Google accounted for 64 percent of all U.S. searches in the four weeks
ending March 31, 2007. That’s an increase from the year-ago figure of 58.33 percent, according to Hitwise market research.
Google’s next closet rival Yahoo took 21 percent, a decrease from 22 percent a year ago.
Hitwise general manager
of global research Bill Tancer said Google doesn’t appear to be slowing down.
“Despite capturing the majority of searches in the U.S., and in light
of competitor’s improvements, Google’s market share of executed
searches continues to grow, exceeding 10 percent growth year-over-year.”

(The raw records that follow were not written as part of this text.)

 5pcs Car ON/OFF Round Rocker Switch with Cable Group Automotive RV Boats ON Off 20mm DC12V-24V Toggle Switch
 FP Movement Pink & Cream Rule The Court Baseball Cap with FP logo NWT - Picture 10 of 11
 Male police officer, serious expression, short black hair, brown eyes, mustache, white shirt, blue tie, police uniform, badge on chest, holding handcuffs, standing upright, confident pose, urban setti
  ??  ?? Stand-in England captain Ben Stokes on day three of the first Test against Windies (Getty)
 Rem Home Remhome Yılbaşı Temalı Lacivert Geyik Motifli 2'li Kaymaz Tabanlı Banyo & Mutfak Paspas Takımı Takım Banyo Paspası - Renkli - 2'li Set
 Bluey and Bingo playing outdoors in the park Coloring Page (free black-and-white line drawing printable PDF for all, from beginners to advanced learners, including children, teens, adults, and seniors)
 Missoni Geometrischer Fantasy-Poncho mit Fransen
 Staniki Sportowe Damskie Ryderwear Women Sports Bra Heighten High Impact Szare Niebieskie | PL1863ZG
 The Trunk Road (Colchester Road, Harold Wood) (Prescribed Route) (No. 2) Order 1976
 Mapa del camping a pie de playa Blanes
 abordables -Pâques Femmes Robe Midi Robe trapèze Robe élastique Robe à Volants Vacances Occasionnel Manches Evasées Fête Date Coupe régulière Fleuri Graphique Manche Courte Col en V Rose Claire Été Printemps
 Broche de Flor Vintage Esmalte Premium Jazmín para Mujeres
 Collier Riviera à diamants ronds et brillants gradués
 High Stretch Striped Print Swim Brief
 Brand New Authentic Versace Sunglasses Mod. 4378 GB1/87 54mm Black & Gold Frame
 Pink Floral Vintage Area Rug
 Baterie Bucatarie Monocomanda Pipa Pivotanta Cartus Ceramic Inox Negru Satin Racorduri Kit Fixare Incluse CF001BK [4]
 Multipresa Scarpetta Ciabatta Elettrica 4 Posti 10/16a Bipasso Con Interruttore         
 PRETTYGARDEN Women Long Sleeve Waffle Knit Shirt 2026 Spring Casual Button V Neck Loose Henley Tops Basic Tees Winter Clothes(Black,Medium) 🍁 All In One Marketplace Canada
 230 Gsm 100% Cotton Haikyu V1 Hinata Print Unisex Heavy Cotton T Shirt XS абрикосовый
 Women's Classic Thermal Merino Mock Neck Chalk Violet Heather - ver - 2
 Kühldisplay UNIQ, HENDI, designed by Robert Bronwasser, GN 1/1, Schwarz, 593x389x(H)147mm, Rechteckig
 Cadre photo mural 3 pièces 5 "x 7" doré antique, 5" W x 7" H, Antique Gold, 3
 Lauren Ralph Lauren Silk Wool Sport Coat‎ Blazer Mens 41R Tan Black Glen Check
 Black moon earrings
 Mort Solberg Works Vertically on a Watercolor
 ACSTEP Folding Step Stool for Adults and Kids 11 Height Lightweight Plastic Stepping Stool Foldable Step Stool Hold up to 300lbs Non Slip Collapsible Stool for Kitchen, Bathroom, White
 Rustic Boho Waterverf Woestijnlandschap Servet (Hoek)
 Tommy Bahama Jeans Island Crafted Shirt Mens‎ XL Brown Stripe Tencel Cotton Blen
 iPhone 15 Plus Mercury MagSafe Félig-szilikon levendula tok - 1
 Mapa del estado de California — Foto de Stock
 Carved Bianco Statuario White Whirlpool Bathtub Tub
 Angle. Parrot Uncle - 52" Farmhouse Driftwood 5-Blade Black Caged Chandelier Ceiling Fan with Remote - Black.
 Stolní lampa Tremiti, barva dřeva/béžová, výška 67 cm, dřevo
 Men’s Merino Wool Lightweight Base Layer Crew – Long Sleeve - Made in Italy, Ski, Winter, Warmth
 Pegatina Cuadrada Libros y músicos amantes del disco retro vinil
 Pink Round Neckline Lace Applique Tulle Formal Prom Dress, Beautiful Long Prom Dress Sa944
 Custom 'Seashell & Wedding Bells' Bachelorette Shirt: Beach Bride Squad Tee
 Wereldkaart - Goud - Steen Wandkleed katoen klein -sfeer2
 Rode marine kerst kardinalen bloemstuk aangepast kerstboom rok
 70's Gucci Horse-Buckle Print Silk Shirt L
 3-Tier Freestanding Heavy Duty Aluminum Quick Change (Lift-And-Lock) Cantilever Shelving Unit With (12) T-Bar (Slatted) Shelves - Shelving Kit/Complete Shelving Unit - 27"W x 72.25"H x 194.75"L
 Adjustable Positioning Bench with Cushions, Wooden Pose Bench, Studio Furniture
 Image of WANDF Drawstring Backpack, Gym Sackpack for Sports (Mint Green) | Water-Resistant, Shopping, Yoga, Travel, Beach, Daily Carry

The metric is an important one for Google, as it represents the increasing number of searchers exposed to, and who click on, the sponsored links that appear next to search results. And advertisers pay Google each time searchers click on those links.
The
nickels and dimes add up, too. For the fourth quarter ending Dec. 31, 2006, Google’s net profit was $1.03 billion, mostly
through search marketing.
But there’s word that Yahoo — one of the competitors Tancer describes
as improving — has begun to gain at least some ground on Google with
its own search-marketing system, code-named Panama.
Panama, which
underwent several delays before its final release on Feb. 5, is
supposed to help Yahoo make more money from its searchers by
judging the “quality” of ads submitted and placing next to search results the ones that are most likely to be clicked on most often.